1976 United States presidential election in Nevada
| Nominee | Gerald Ford | Jimmy Carter |  |
| Party | Republican | Democratic |
| Home state | Michigan | Georgia |
| Running mate | Bob Dole | Walter Mondale |
| Electoral vote | 3 | 0 |
| Popular vote | 101,273 | 92,479 |
| Percentage | 50.17% | 45.81% |
- County results
| Ford 40–50% 50–60% 60–70% | Carter 40–50% 50–60% |
| President before election Gerald Ford Republican | Elected President Jimmy Carter Democratic |

= 1976 United States presidential election in Nevada =

The 1976 United States presidential election in Nevada took place on November 2, 1976, as part of the 1976 United States presidential election.

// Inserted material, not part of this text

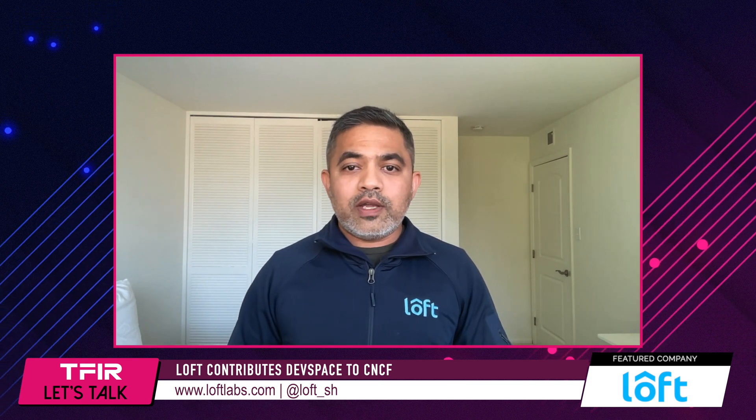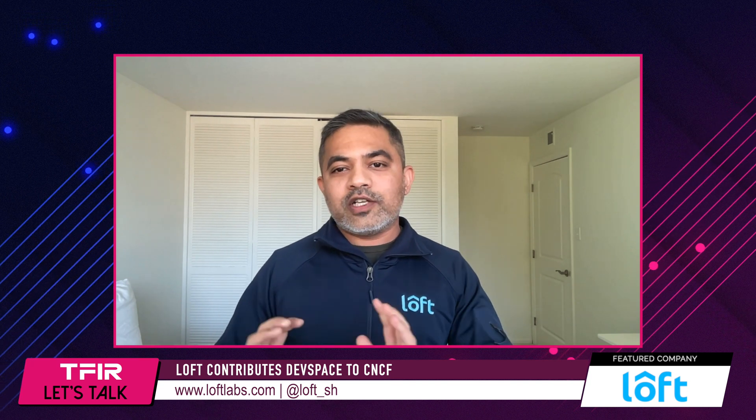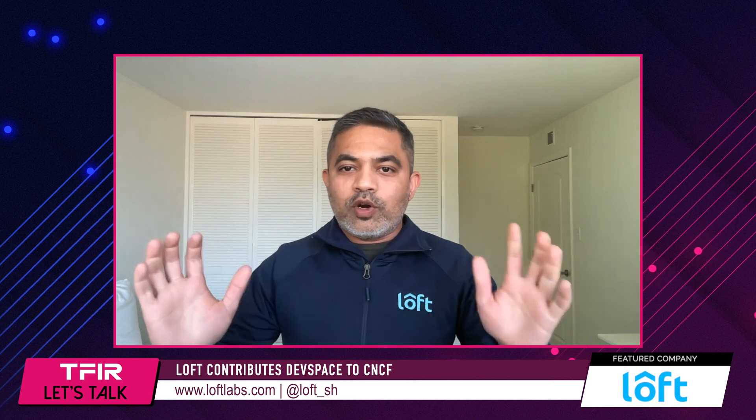We want to be the main contributor for DevSpace — we want to keep contributing. There are already plans to release the next versions and the next set of features. We want to make sure we serve and help as many developers and companies as we can. It's not just 'here's DevSpace, do whatever you want.' We are behind it. We have a great community, a Slack channel, we listen to our users, and we plan our product roadmap based on that.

Voters chose three representatives, or electors, to the Electoral College, who voted for president and vice president.

Nevada was coming off a landslide win by incumbent Mike O'Callaghan in the 1974 gubernatorial election over a severely divided opposition and anger over the Watergate scandal. However, veteran Democratic Senator Alan Bible, who had survived Richard Nixon’s 1968 victory, retired and was replaced by Republican Paul Laxalt who won a narrow victory at the same time the GOP were suffering landslide losses in other races.

This presidential election saw Nevada hold its first ever presidential primary, won by California Governor Jerry Brown, who had only entered the primaries two weeks beforehand after most were already conducted.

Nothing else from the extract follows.